The fun begins when, one night, a meteor crashes onto the Gardners’ farm and emits bright pink-purple tendrils. Before they know it. people start going crazy while plants and creatures around the meteor crash site begin to mutate horrifically. That’s before the tendrils begin aggressively seeking out prey…
Well, the nice things first. Richard Stanley seems to know and respect the source material, with the movie having some really beautiful yet eerie scenery to create this unsettling vibe. Sure, everything looks peaceful at first, but already there are simmering resentment and tension underneath it all. The cast is all solid, even that brat, although a part of me is cringing in anticipation of Nicolas Cage’s trademark screaming-shrieking lunatic baboon act that is apparently mandated in his every movie contract.

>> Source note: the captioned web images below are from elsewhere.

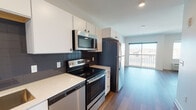 This single-floor residence showcases a contemporary design highlighted by warm hardwood-style flooring that runs consistently throughout the unit. The open-concept layout connects the kitchen directly to the living area, creating a cohesive and functional living space. The kitchen is well-appointed with stainless steel appliances, including an electric range, over-the-range microwave, dishwasher, and refrigerator. White cabinetry provides ample storage, while light-toned quartz-style countertops and a dark slate subway tile backsplash add a clean, modern aesthetic. The living area is bright and airy, benefiting from large windows and a sliding glass door that opens onto a private balcony, offering outdoor views of the surrounding area. Natural light flows freely through the space, enhancing its open feel. The bathroom features a full soaking tub with a shower, a white vanity with an undermount sink, a large mirror with overhead lighting, and a bold navy accent wall that adds visual interest. A dedicated utility closet houses an in-unit washer and includes wire shelving for additional storage. Overall, the unit presents a clean, modern aesthetic throughout.
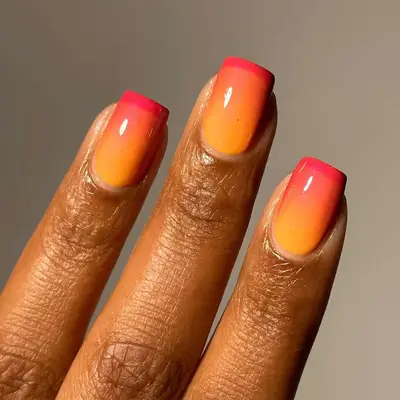 a hand with an orange and red sunset french manicure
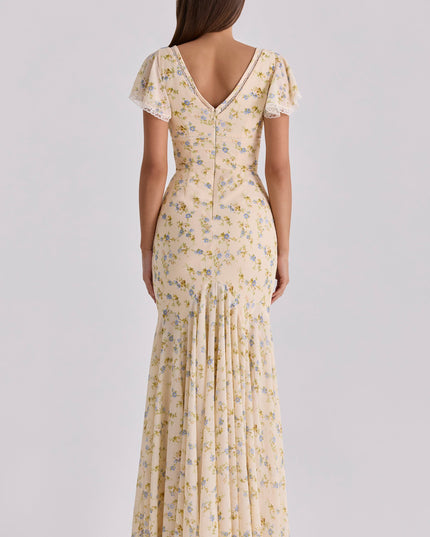 Cream floral lace v-neck maxi dress from back angle, showing fitted waist and flowing skirt
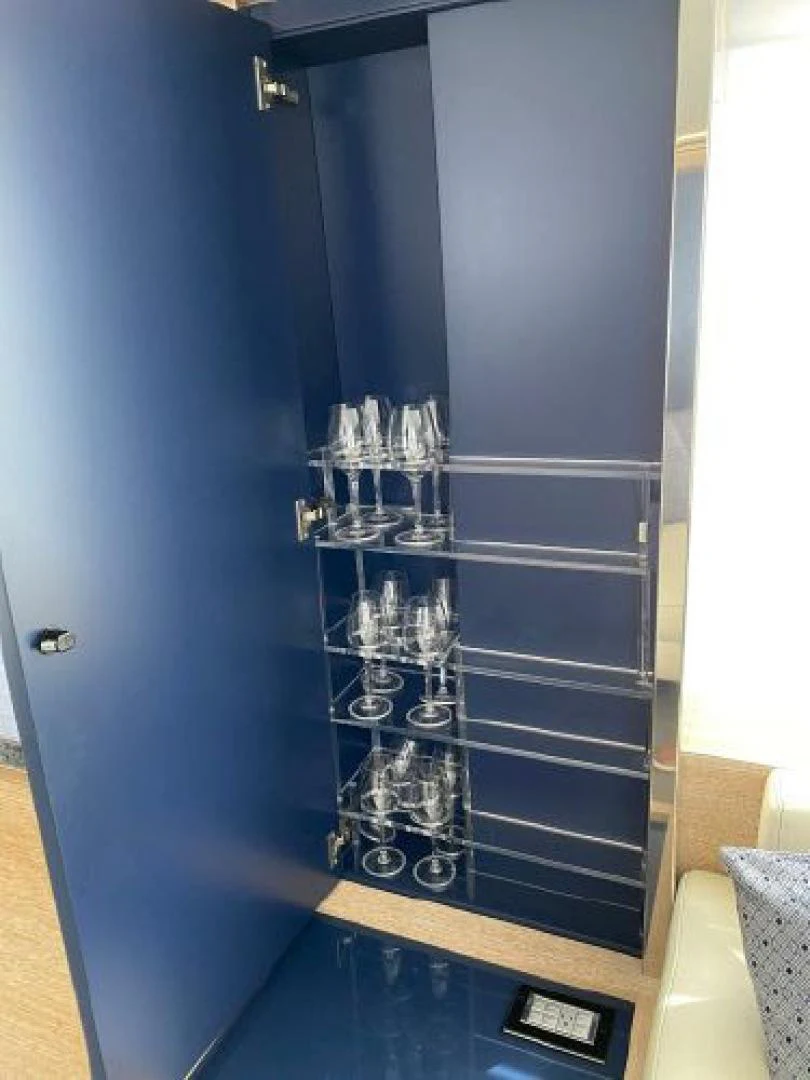 a glass cabinet with a clear door aboard THE ONLY BLUE 66 FLY Yacht for Sale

Somewhat ironically perhaps, the most frightening moments of this movie lie in the more conventional first forty or so minutes, when the nature of the scares is psychological and visceral. It’s just people slowly losing their minds. It can be terrifying to see how someone one is close to turns into a stranger – a menacing one at that.

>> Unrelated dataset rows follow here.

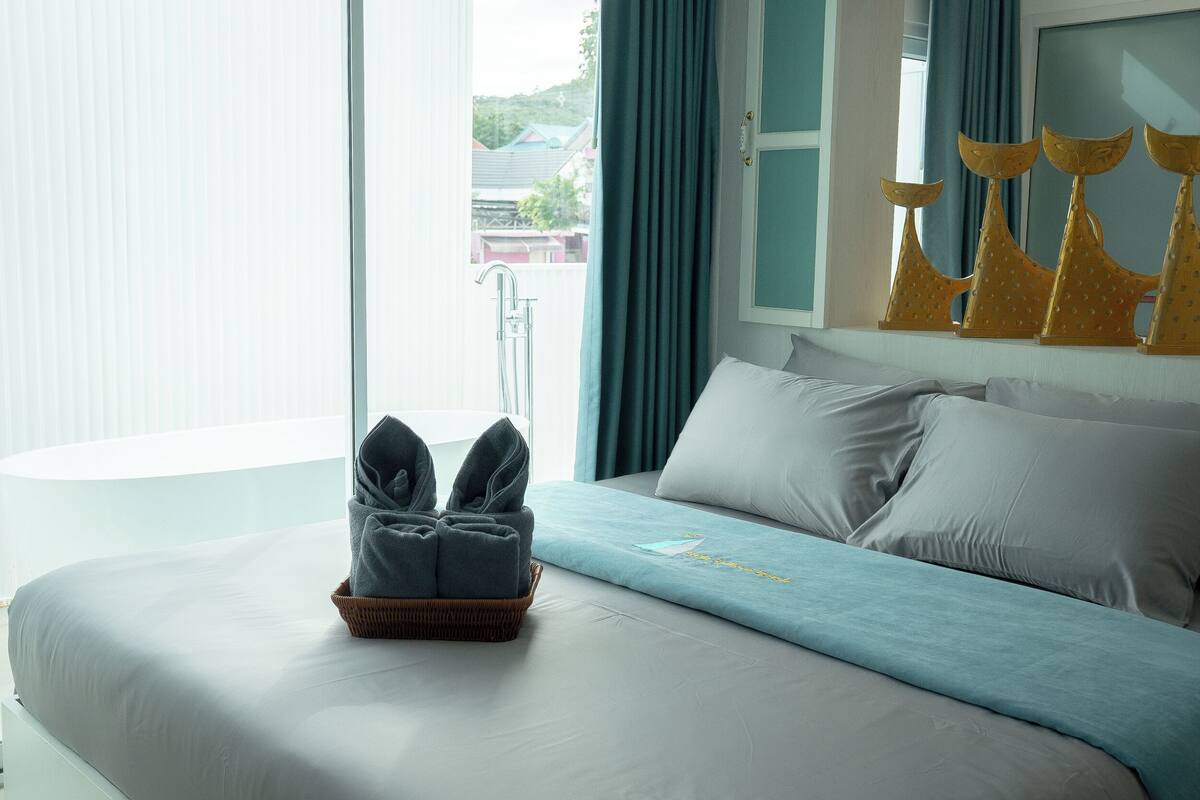 Ein Hotelzimmer mit Bett, einem Vorhangfenster, einer Badewanne und einem Handtuchhalter.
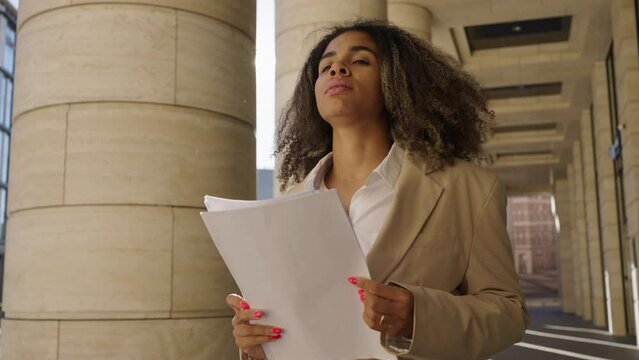Tired woman in business clothes throws up papers with documents walking down the street near a business center with columns. A new turn in life, tired of everything, fatigue, camera movement, slow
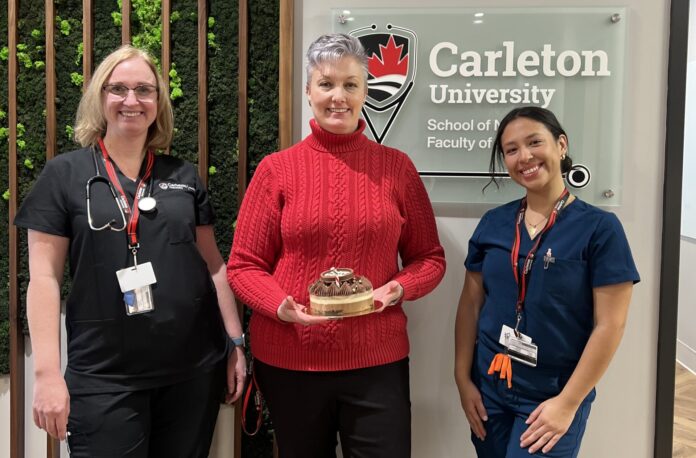 Three women - one in black, another in red and another in blue scrubs standing in front of a Carleton University sign.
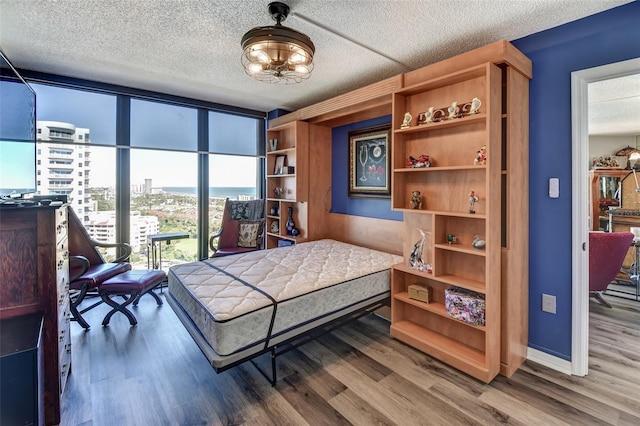 bedroom with wood-type flooring and a textured ceiling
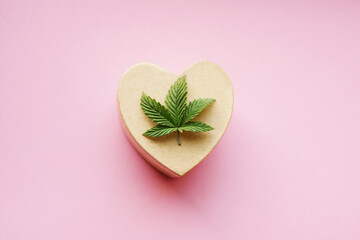Cannabis leaf on heart-shaped gift box. Valentine's day sale. Top view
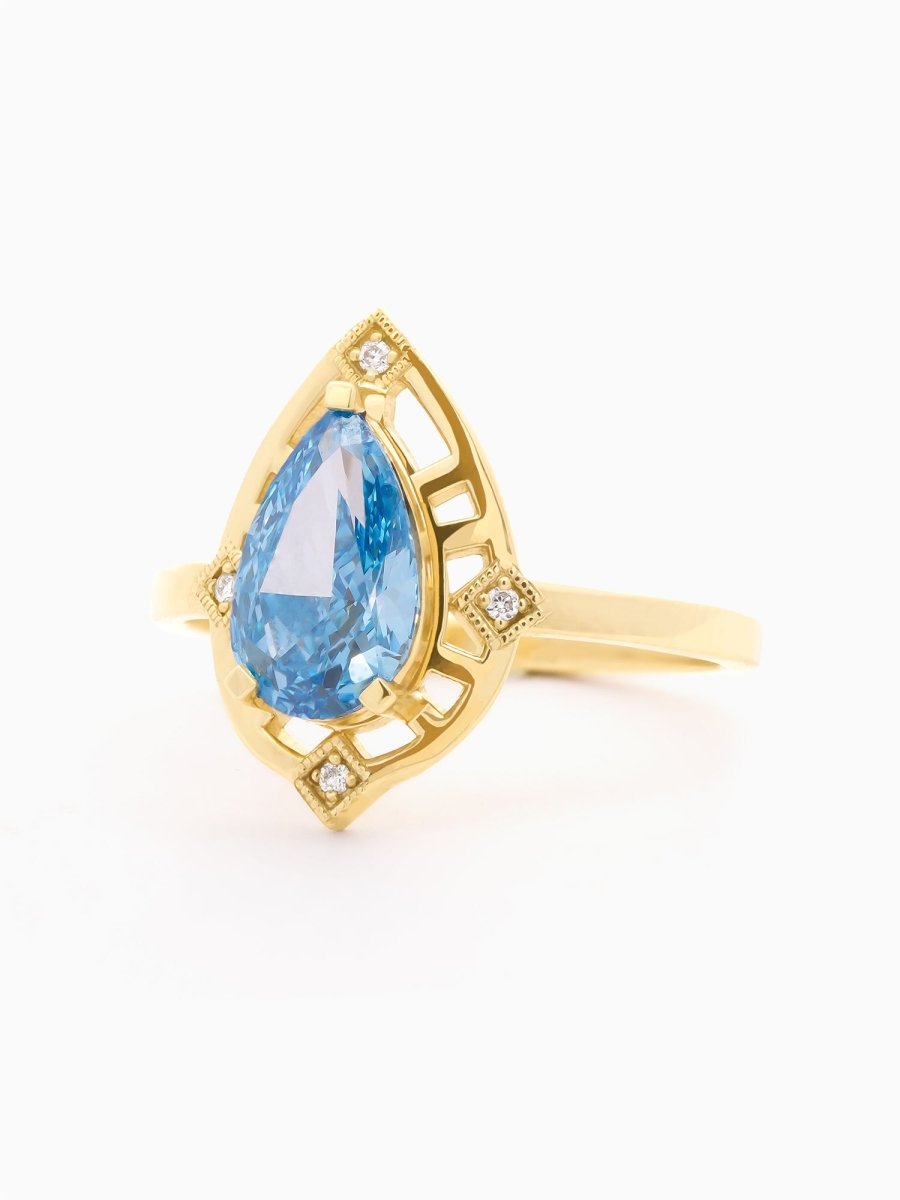 Three-quarter view of Ring showing glowing blue diamond above gold setting with vintage beadwork details.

In the last third of the movie, things come to boil with body horror and fluorescent CGI splattering all over the screen. This is when the movie falls apart. Things become increasingly over the top, and Mr Cage, who had been admirably restrained up to that point, turns into that cartoon character that he plays every single time. Worse, the scares here are unintentionally hilarious – I actually laugh at the “killed by a tree” scene because it looks so ridiculous – only to culminate in an acid trip of pink and purple explosion.

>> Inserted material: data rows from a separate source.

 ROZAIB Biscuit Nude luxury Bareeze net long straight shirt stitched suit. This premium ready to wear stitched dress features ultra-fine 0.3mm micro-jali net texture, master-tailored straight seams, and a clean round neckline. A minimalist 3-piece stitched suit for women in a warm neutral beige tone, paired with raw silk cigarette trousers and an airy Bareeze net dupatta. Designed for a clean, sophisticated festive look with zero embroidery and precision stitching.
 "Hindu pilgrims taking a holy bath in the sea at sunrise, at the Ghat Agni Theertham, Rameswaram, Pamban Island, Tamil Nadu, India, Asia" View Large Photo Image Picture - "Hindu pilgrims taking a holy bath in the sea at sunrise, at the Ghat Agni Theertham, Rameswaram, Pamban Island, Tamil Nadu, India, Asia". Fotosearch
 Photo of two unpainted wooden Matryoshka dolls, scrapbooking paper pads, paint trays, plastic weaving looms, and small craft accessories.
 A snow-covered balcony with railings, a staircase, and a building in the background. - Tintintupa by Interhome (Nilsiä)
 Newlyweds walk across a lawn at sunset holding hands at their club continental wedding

What happened? Did the studio mandate a more “exciting” ending for the movie? Then again, I recall this director’s past efforts and realize that those efforts tend to swing wildly from a more hard-hitting, psychological kind of horror to over the top, absurdist camp and back again without much rhyme or reason. Maybe this uneven tone is Mr Stanley’s thing, I guess?
Worse, the movie also offers all kinds of explanation about the nature and origin of the meteor. It’s the 2011 The Thing all over again – once you reveal too much about the source of terror, especially when the revelation is made through some dodgy-looking CGI, things become far less frightening as a result. The Thing becomes a badly rendered toothy vagina monster, and the… things in this movie are revealed to be purple-pink CGI effects that cast everything in an ugly eye-piercing tint. How is anyone going to be scared by that? Here, the origin of the meteor is revealed through a pointlessly unnecessary tape recording left behind by an equally unnecessary over the top character, followed by an overkill of a dreamscape that reveals the purple-pink monstrosities in their home planet. Why? Why do I need to know all this? Cosmic horror works because the readers or the audience are given just enough to feel a sense of dread, because anything more will ruin the effect or, worse, make the whole thing seem absurd, and this movie crosses the line into the latter.
Color Out of Space is one of the better produced, better acted ones. It’s not bad by any means, but it also commits enough missteps to sabotage itself especially in its later parts. Fans of horror, especially cosmic horror, may want to give it a go, but I’d suggest tampering expectations a bit first to minimize disappointment!